Here are some helpful KPIs to get you started with managing your sites and teams performance:
Given the importance of power, cooling and space consumption in your data center, it is essential to track and monitor how every server stacks up in these categories. By following the output and consumption of each server, you can ensure that you are making the best use of your RU space and available power. Underutilized servers are referred to as Zombie Servers. These servers can consume massive amounts of valuable data center resources reducing valuable real estate needed for expansion and growth. By monitoring the processor output and energy consumption of these servers over time, you will be able to trend resource utilization and determine if this hardware is needed or can be removed.
ITSM TTC – Total Ticket Count
One easy way to measure the output, performance, and workload of your data center operations team is to review the service ticket queue details. Understanding the total ticket count will help you better understand how busy your team is.
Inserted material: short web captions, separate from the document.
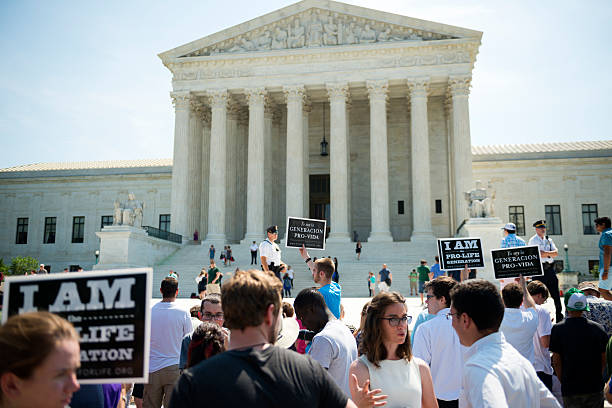 Pro-life supporters at U.S. Supreme Court Washington DC, USA - June 27, 2016: Pro-life supporters hold signs in front of the U.S. Supreme Court after the court, in a 5-3 ruling, struck down a Texas abortion access law that had been supported by pro-life groups. abortion protest stock pictures, royalty-free photos & images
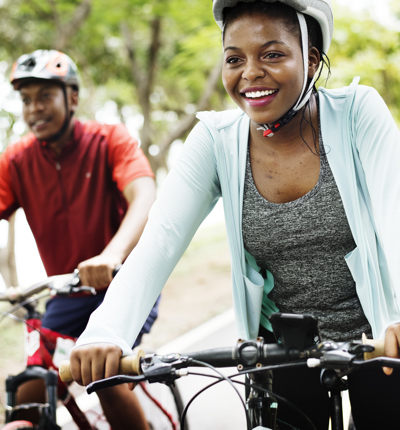 A man and woman happily cycling
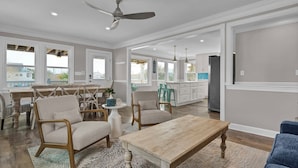 Un vaste salon comprenant un grand canapé, deux fauteuils, un coin repas avec une table et des chaises en bois, ainsi qu’une cuisine dotée de meubles blancs et d’un grand îlot central.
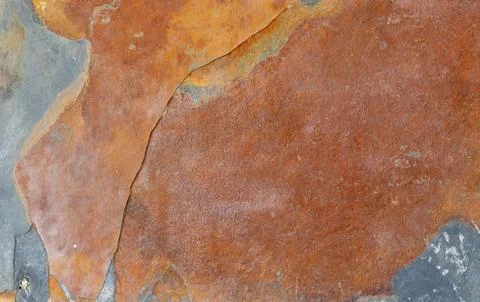 Texture of natural rusty slate stone. Rough brown and gray shale rock surface 스톡 사진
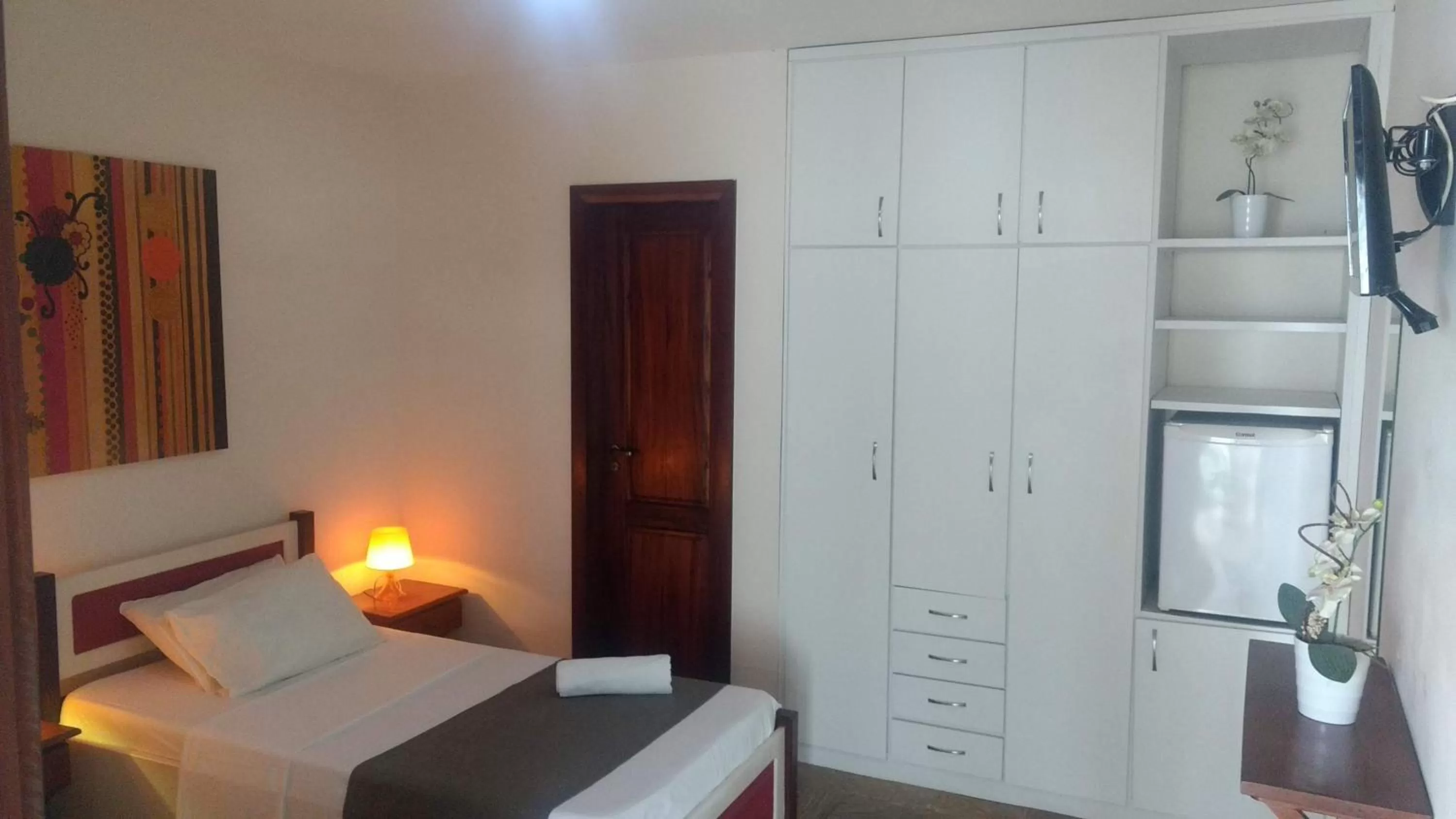 Bed in Hotel Pousada Salvador Paradise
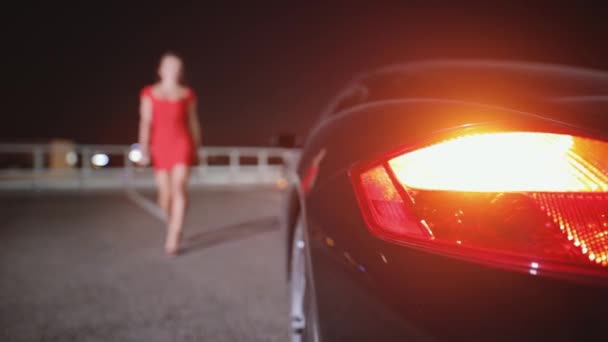Vrouw in sexy rode jurk gaan naar haar auto in nacht stad uitschakelen signalering — Stockvideo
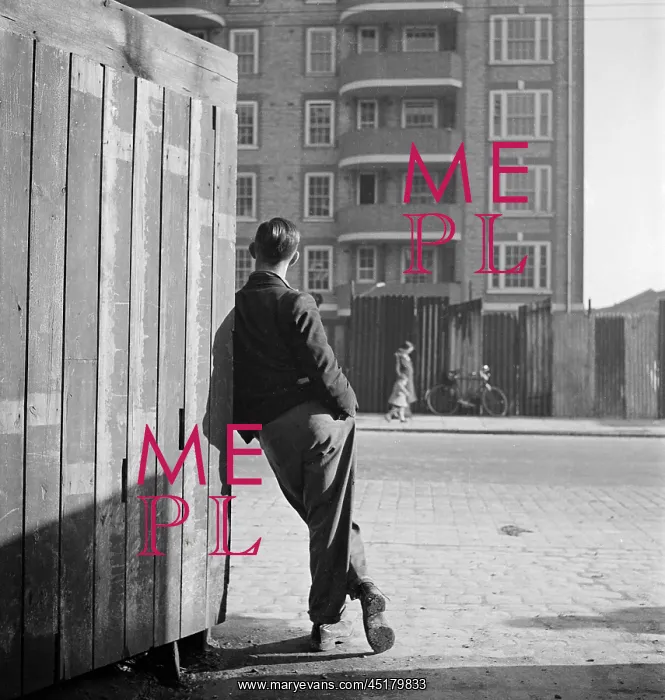 : Man leaning on street corner : Man leaning on street corner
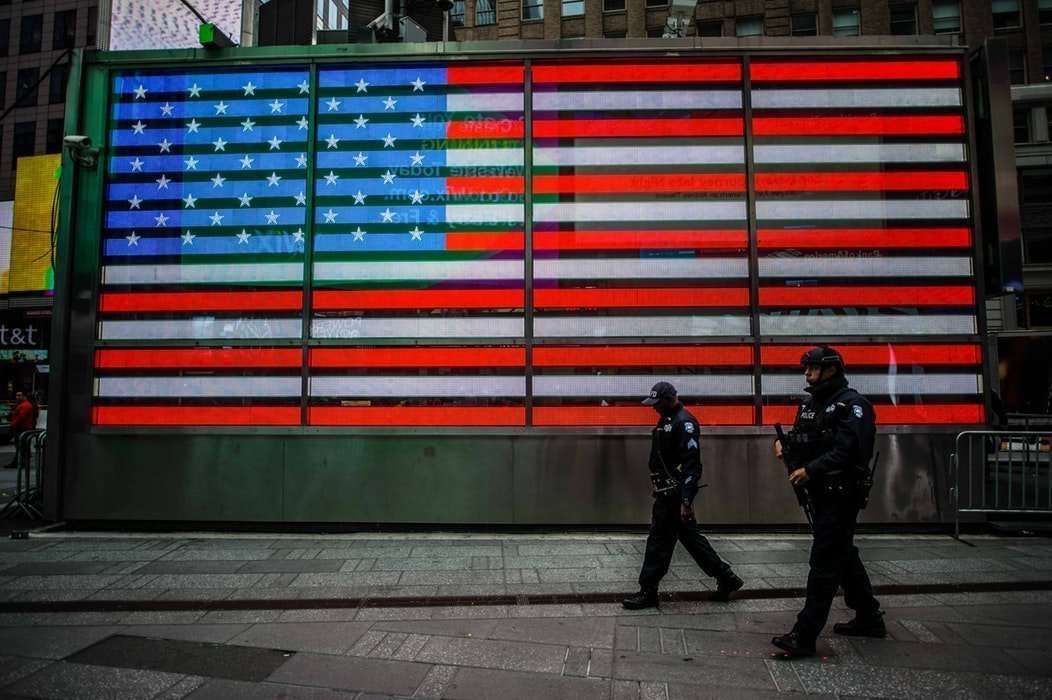 Police in front of a american flag in New York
Drilling down into that data can also reveal what times of the day your workload increases and decreases, the tech vs. ticket quantity and optics on whether additional or fewer resources are needed to meet the demands of your data center.
ITSM TTR – Time to Respond
Response time goes hand in hand with your internal and external SLA/SLO metrics. Your ITSM ticket queue is how workflows from the application owner to the data center technicians. Establishing an SLA (Service Level Response) metric will ensure that each ticket is completed based on priority and not necessarily when it comes into the queue, freeing your team up to work on the most critical tasks immediately. Monitoring the response time of the data center operations team will help ensure that your internal and external customers work is complete in the timeframe that is required. By continually measuring and trending this KPI you will be able to fine tune you SLA/SLO times to better serve your customers.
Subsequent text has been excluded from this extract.